Implementing window functions in go-mysql-server

SQLREFERENCE
7 min read

Dolt is Git for Data, the first SQL database you can clone, fork, branch and merge. Its SQL engine is go-mysql-server. Our goal is to be a 100% compatible, drop-in replacement for MySQL, but we have a ways to go. Today we're excited to announce the newest piece of missing functionality: window functions!

What's a window function?

The simplest way to think of a window function is that it's like a group-by aggregate function, but it gets a value for every row in the result set, not just one value per grouping key. Like most things, this is easiest to explain with an example, which comes straight from the MySQL docs.
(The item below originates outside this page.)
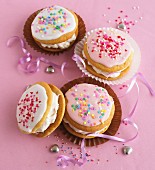Whoopie pies with icing and colorful sugar pearls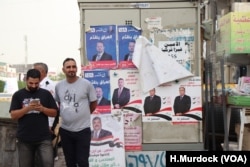 Campaign posters cover various surfaces around Baghdad, May 6, 2018. Once the national parliament is voted in, negotiations will begin to select a new head-of-state, a process that could take months.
SELECT year, country, product, profit,
    SUM(profit) OVER() AS total_profit,
    SUM(profit) OVER(PARTITION BY country) AS country_profit
    FROM sales
    ORDER BY country, year, product, profit;
+------+---------+------------+--------+--------------+----------------+
| year | country | product    | profit | total_profit | country_profit |
+------+---------+------------+--------+--------------+----------------+
| 2000 | Finland | Computer   |   1500 |         7535 |           1610 |
| 2000 | Finland | Phone      |    100 |         7535 |           1610 |
| 2001 | Finland | Phone      |     10 |         7535 |           1610 |
| 2000 | India   | Calculator |     75 |         7535 |           1350 |
| 2000 | India   | Calculator |     75 |         7535 |           1350 |
| 2000 | India   | Computer   |   1200 |         7535 |           1350 |
| 2000 | USA     | Calculator |     75 |         7535 |           4575 |
| 2000 | USA     | Computer   |   1500 |         7535 |           4575 |
| 2001 | USA     | Calculator |     50 |         7535 |           4575 |
| 2001 | USA     | Computer   |   1200 |         7535 |           4575 |
| 2001 | USA     | Computer   |   1500 |         7535 |           4575 |
| 2001 | USA     | TV         |    100 |         7535 |           4575 |
| 2001 | USA     | TV         |    150 |         7535 |           4575 |
+------+---------+------------+--------+--------------+----------------+

So unlike a normal GROUP BY query that returns a single SUM for each grouping key, by using a window function you also retain access to the disaggregated row data. In this example, the clause OVER(PARTITION BY country) is roughly equivalent to GROUP BY country, except that we retain the individual result set rows. Most of the normal aggregate functions in MySQL can accept a window clause in this way.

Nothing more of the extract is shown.